Adapted From Paris Review, The Art of Theater No. 9

Interviewed by Anne Cattaneo

To stay around any place you love, you have to have a job . . . . I worked backstage at summer stock doing jobs from garbage man, to strapping on Herbert Marshall’s wooden leg, to fixing Gloria Swanson’s broken plumbing in her dressing room with her yelling at me as I worked the plunger. I ran the light board for her show, which involved bringing up all the stage lights surreptitiously when she came onstage so the audience would subliminally think, Gee, isn’t everything brighter when she’s around? . . . . It was called a “star bump.” Knowing lore like that made me feel there was a secret freemasonry to the theater. Then I toured as an advance man for a summer stock package, setting up the show each week in a different theater before moving on to the next. Even with Six Degrees of Separation I felt part of my job as playwright was to go backstage two or three times every week during the run to check the backstage temperature—who’s unhappy, who’s not speaking, whose costumes are wearing out. You must keep people happy backstage because that affects what’s onstage. During a run, the playwright feels like the mayor of a small town filled with noble creatures who have to get out there and make it brand new every night. When a production works, it’s unlike any other joy in the world.

My parents started taking me to plays early. Plays have a celebratory nature that no other form has. Theater always meant celebration, a birthday, a reward for good grades. I felt at home in a theater. I loved being part of an audience. All the rules—the audience has to see the play on a certain date at a certain time in a certain place in a certain seat. You watched the stage in unison with strangers. The theater had intermissions where you could smoke cigarettes in the lobby and imagine you were interesting. The theater made everybody in the audience behave better, as if they were all in on the same secret. I found it amazing that what was up on that stage could make these people who didn’t know each other laugh, respond, gasp in exactly the same way at the same time.

My mother’s family was in show business. Her two uncles toured in vaudeville with a bill of sixteen plays they cobbled together from 1880 to 1917 with titles like Pawn Ticket 210, The Old Toll House, and Girl of the Garrison. Lines like the old man coming forward and saying: Twenty five years ago this very night my son left home taking the money he did not know was rightfully his. Oh, if I could only see him again. (Flickering outside the window.) Oh, the same lightning! The same thunder! (Knock knock.) Who can that be!

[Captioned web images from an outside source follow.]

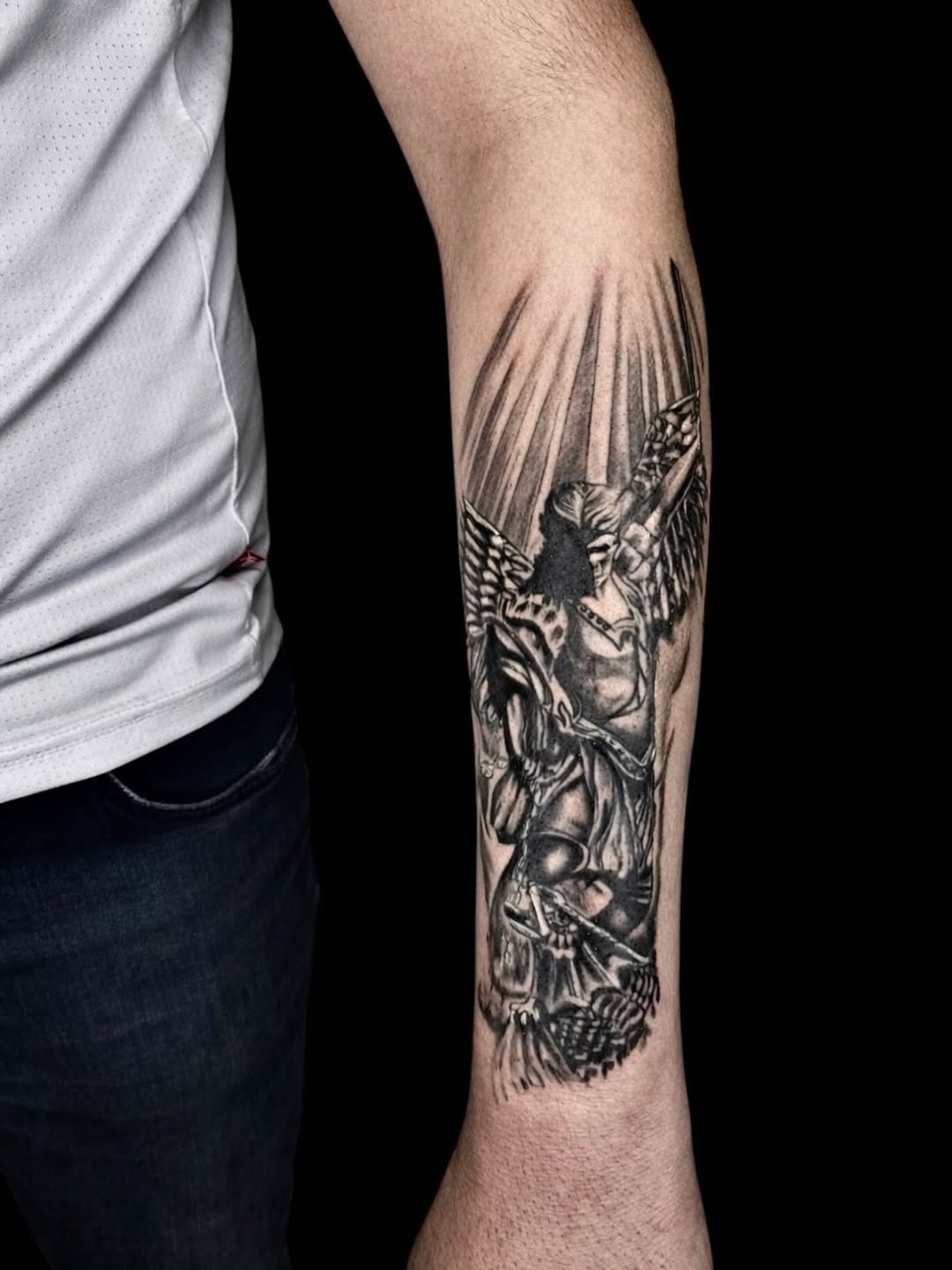 29 Archangel Tattoo Ideas: Power, Protection, and Timeless Symbolism in Ink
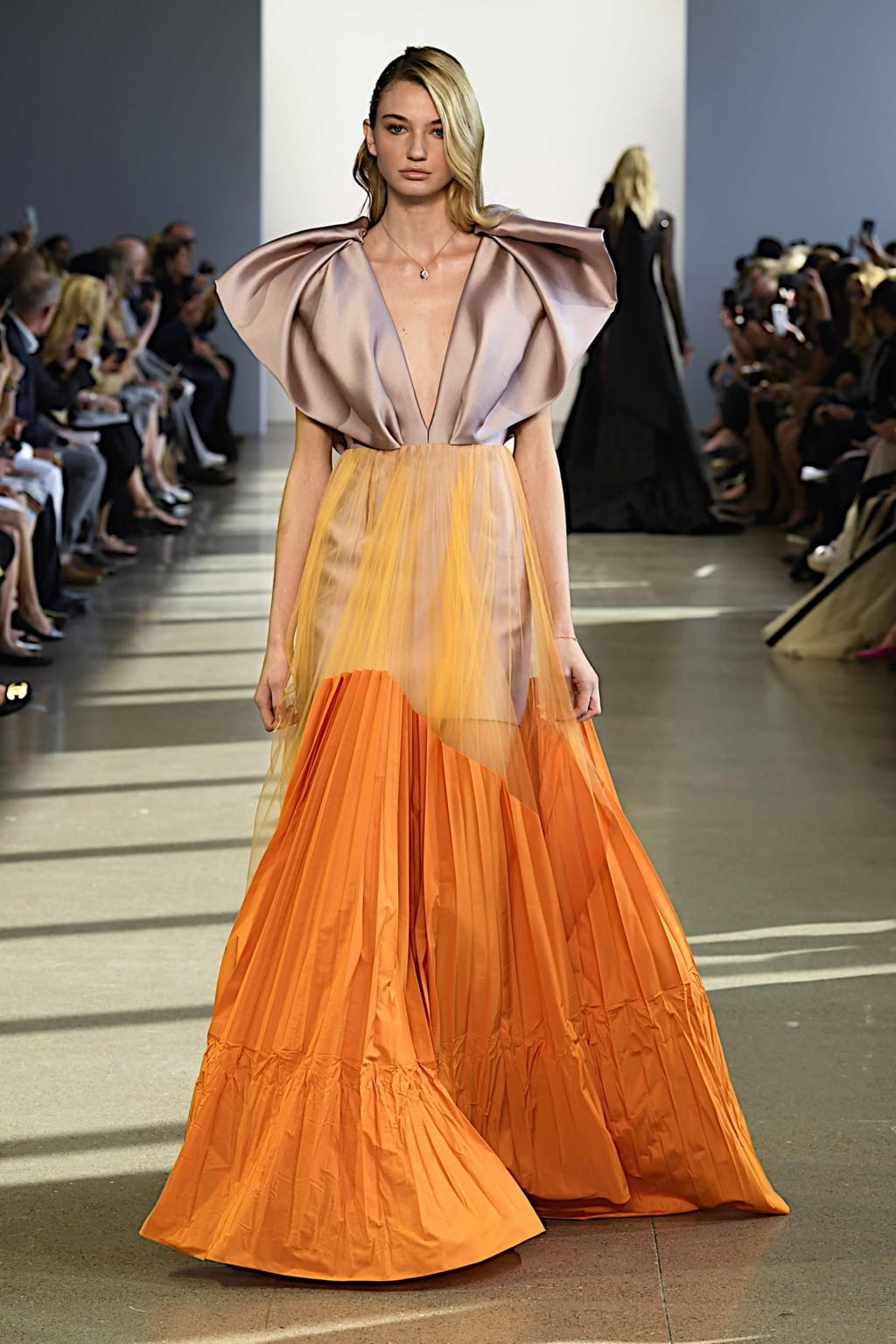 Fashion Week New York Spring/Summer 2020 look 38 from the Bibhu Mohapatra collection 女装
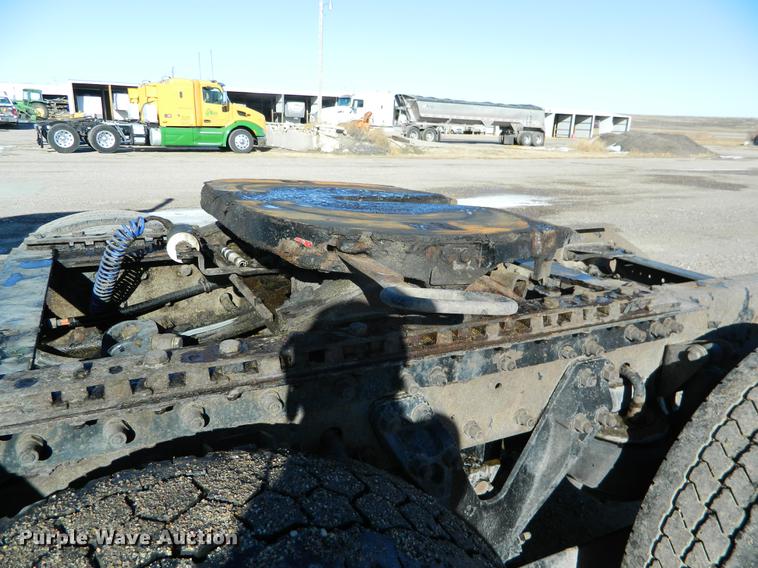 image for item DB6683 2006 Kenworth T600 semi truck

My grandfather was a cop in Lynn, Massachusetts. In a raid on a Lynn cathouse they found a very small child left by one of the arrested girls. He brought the baby home; he turned out to be five years old and a midget. Little Billy was taken into the act by the uncles for the good reason that he was a great little hoofer and song shouter. The act broke up when little Billy left to join the George M. Cohan Review of 1918; dressed as a tiny soldier, he was one of the cast who introduced “Over There.” My mother’s real brother, who was known in our family as Big Bill, became an agent for stars like W. C. Fields, Al Jolson, and Will Rogers. Big Bill was called “Square Deal” Grady by Damon Runyon for the “creative” contracts he made with his clients. He was head of casting at MGM from 1934 to 1956. I never saw Big Bill much but his presence and power to discover people figured heavily in my dream life. In fact, the monologue that opens the second act of House of Blue Leaves happened exactly as described: Big Bill was on a major MGM talent hunt searching for an unknown child to play Huckleberry Finn. To escape all these kids, he came to see us. I decided fate had sent him to me: I would be Huck. I packed my bags and went mad and auditioned. He quickly left thinking he’d been set up by my parents. My mother cried. It was horrible. I gave up all dreams of acting at age eight. Playwriting seemed a lot safer.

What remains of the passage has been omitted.